Usually my first entry for the year is letting everyone know what my word for the year is. Last year my word was LIVE. I wanted to truly live my life on purpose. I just didn't want to survive it. I feel I did okay, but know I could have done better. My word for 2015 is:

AWAKE

I've thought long and hard about this. The reason I chose it is my goal this year is to rediscover my talents. Things about me that make me, well, ME! I'm not wanting to develop new talents  
(although that would be cool if it happens in the process), I just want to awaken the ones that I have been letting sleep inside of me for years. I'm not sure why I allowed that to happen, but I have. It's just time to wake them up!

It felt good to write that poem. I'll be honest, it was hard! I used to be able to write pretty well and quickly. Not this time. It took me over a week and my mind felt like mush...but it's done! And, I'm happy to have taken the first step. Now on to the next!

Sound Advice from a 9 Year-old

Keeping this blog updated is always on my mind, but one of my very last priorities- sad, I know. Being the mom of six kids doesn't allow me to do all I want in one day. I, like everybody else, must choose the things I want to occupy my time. Usually, my time is consumed with work, cleaning, cooking, cleaning some more, night routines and then if I'm lucky, a little break before I end up falling asleep on the couch. Today was different. Why? Because I wanted it to be. Today I wanted to remember the words of my 9 year-old daughter.

This week a friend of mine lost her little boy. He was 5 years old. Tomorrow is his funeral. I am quite certain that she is anxiously gathering ANYTHING that will remind her who this little boy was.

The writing that caught my attention belonged to my 9 year-old. In her rush this morning, she ended up leaving her pink fluffy, heart decorated journal on the counter- see why I'm always cleaning?

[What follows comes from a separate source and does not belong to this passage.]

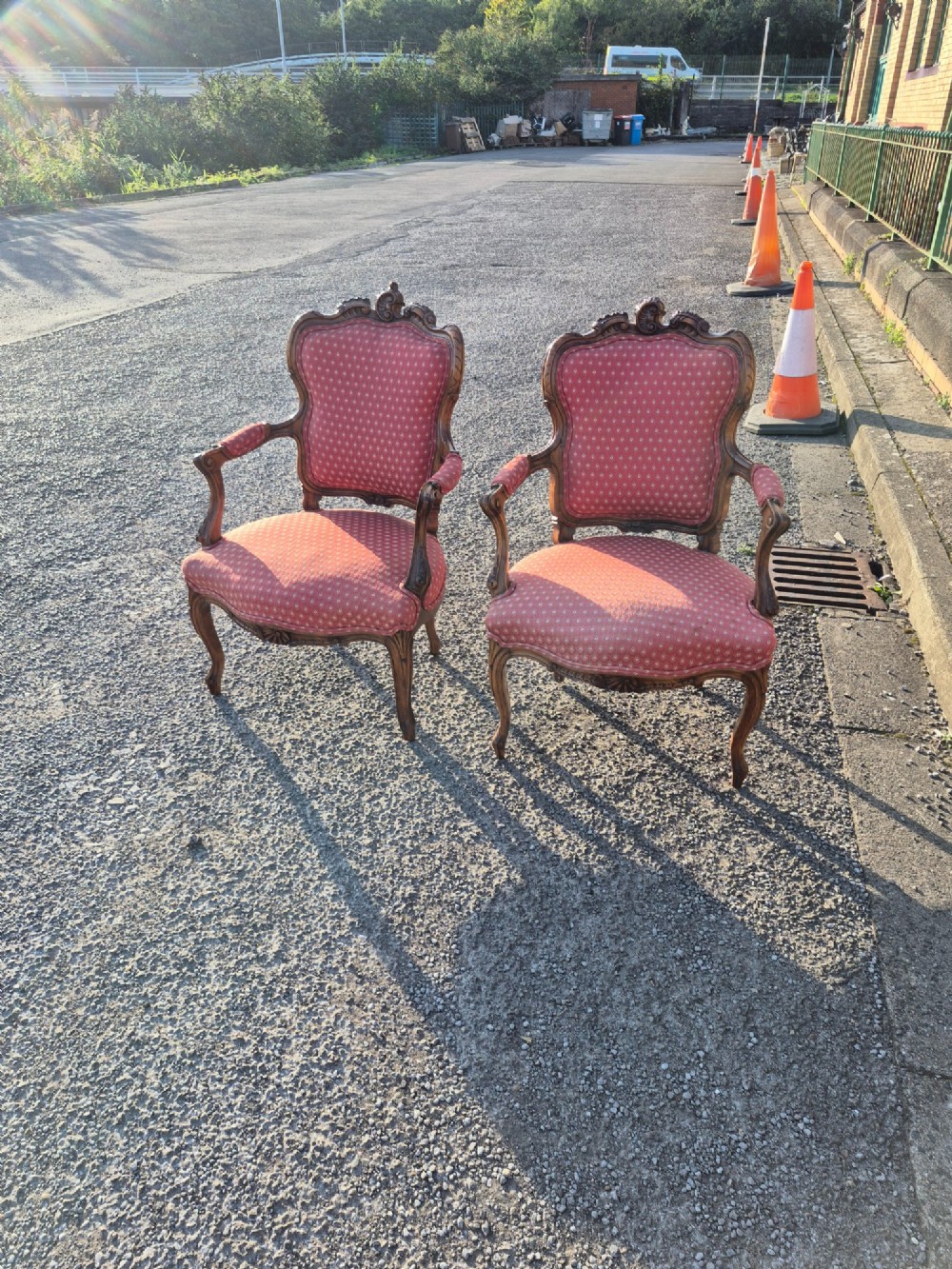 A pair of French carved walnut armchairs upholstered in patterned red fabric with cabriole legs and scrolled cresting. View VI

I came home from work, grabbed myself a little snack, and sat down to read what insight a 9 year-old might have (just call me Marie Barone). She's not my first 9 year-old, so I knew I was in for a treat. What I didn't expect was how wise her words might be.

After skimming a lot of pages with hand drawn hearts, flowers, and even a few talking about how much she loved the twins from "Suit Life", I came to her last entry. It wasn't dated, so I don't know when she wrote this, but her words will be timeless. Now, I must tell you that Becca loves to sing. She loves music. I love this about her. Because of this talent, she has been writing songs for a very long time. This is the song I read of hers today:

"Follow Your Own Heartbeat"

Walking down the wrong road,
don't know what to do.
Everybody expects me to be like you.
But, I want my own life.
I want my own heartbeat.
All I seem to do is listen your heartbeat.
I don't want to do that my whole life.
I just want to be my own person,
listen to my own heartbeat.
Don't tell me what to do.
I don't even know you.

My heart breaks for my friend. I cannot even begin to imagine how she is handling this heartbreak. She will be in my thoughts and prayers, all of them. She has 8 children. She is an amazing woman and friend. It is not something I ever wish to experience, but because of it I will hold my kids tighter and I will watch them more closely. I don't want to ever forget any part of them.